The volatile commodities market played a big role in the Hostess bankruptcy, but rising labour costs are really killing the company’s balance sheet.
We broke down the Chapter 11 bankruptcy filings, which show that an astonishing 97% of the company’s unsecured claims are from employee pension funds, totaling nearly $1 billion. The company’s No. 1 creditor is the Bakery & Confectionery Union & Industry International Pension Fund, which lists a claim of $944.2 million. Its smallest debt is $425,000 owed to makers of doughnuts and mixes.
Among the other top 40 creditors, 14 are retirement funds, bringing total employee pension claims to $989.3 million. Two additional creditors, employee benefit funds, represent another $946,000 in financial claims. This means that Hostess in the past agreed to significant employee health and retirement obligations that, given the company’s current state of financial affairs, they won’t be able to meet.
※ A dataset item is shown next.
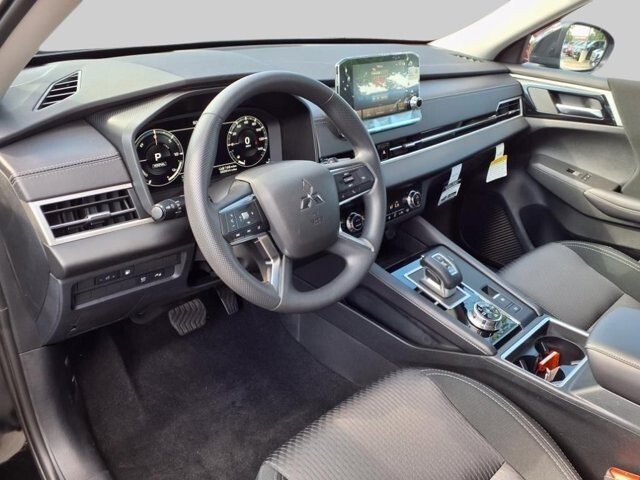 2025 Mitsubishi Outlander in Winchester, VA 22602 - 18104135 13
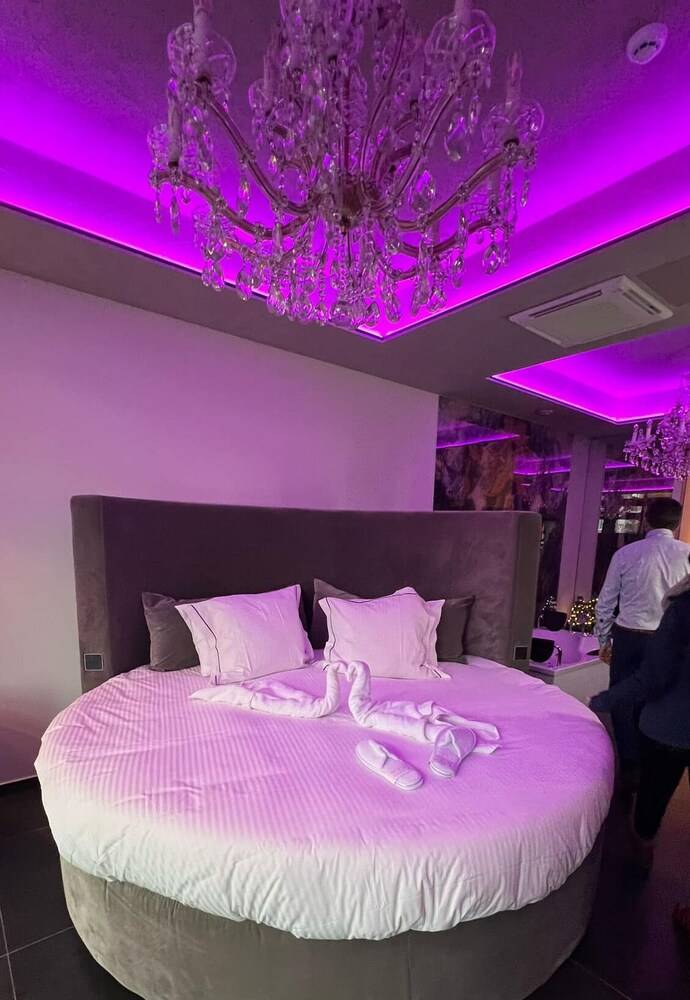 Agora Wellness suites 2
Almost all of Hostess’ 19,000 employees are unionized, unlike some of their competitors, which officials say has led to higher labour costs. Hostess officials are now planning to use the restructuring to ask its employees to agree to significant concessions, such as longer work days, paying more for healthcare, and potentially, employee layoffs, the New York Post reported Tuesday.
But that’s likely easier said than done, considering that union employees already rejected such an agreement last year, according to the Post, who added that the company could be broken up and sold if the unions don’t play ball.